Trusted side: the disrobe process, the host, the analyst's intent. Untrusted side: the sample. It arrives as a filesystem path, a bytes_b64 blob over the daemon, or stdin. The parser must assume every length field, offset, opcode, and nested container is chosen by an adversary to break it.

What this boundary defends against, and how:

Threat	Defense	Where
Memory-corruption via the parser	Pure-Rust, `#![forbid(unsafe_code)]` workspace-wide; the only opt-out is the two pyo3 C-interop crates, gated behind explicit features and never on the default path.	workspace lint config
Panic / abort on adversarial input	Any non-`Result::Err` failure on hostile bytes is a bug. Decoders return errors, they do not unwrap.	every `disrobe-pass-*` decoder
Decompression and zip bombs	Per-entry cap, aggregate cap, and an observed-ratio ceiling in the shared quota machinery.	`crates/disrobe-binfmt/src/quota.rs`
Path traversal (zip-slip and kin)	Every container extraction path routes through `sanitize_entry_path` and siblings before any write.	`crates/disrobe-binfmt/src/quota.rs`
Container-recursion bombs	Recursion-depth cap plus content-hash cycle detection in the chain runner (default depth 8).	chain runner
Malformed-length-field bombs	Length fields are validated against remaining buffer length before allocation; no length field is trusted to size an allocation.	binfmt + envelope decoder
Signature defeat (scrambled magic, renamed sections, corrupted markers)	Detection falls back from magic to self-consistent internal structure, which an adversary cannot break without breaking the file's own functionality.	`crates/disrobe-binfmt/src/structural.rs`

The envelope decoder and the container layer are the two most-exposed parsing surfaces and are fuzzed.

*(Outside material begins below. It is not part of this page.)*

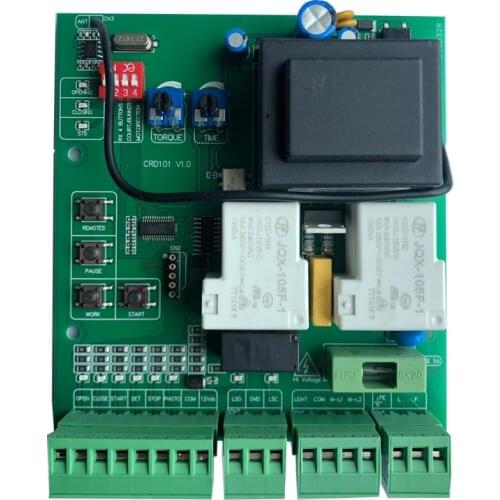 Universal version Sliding gate opener pcb circuit board controller AC Placa para Puertas Correderas Placa de control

Signature defeat and header scrambling

A common evasion against signature-based detectors and unpackers is to scramble the parts a fast scanner keys on: flip the MZ of a PE, zero the \x7fELF of an ELF, mangle the Mach-O / DEX / class-file / wasm magic, rename UPX0/UPX1 and corrupt the UPX! marker. These edits defeat a tool that identifies a format by a leading magic byte or a section name, but they do not change what the file actually is: the loader, the OS, or the runtime still has to find the real structure to execute it, so the structure is the one thing the adversary cannot remove.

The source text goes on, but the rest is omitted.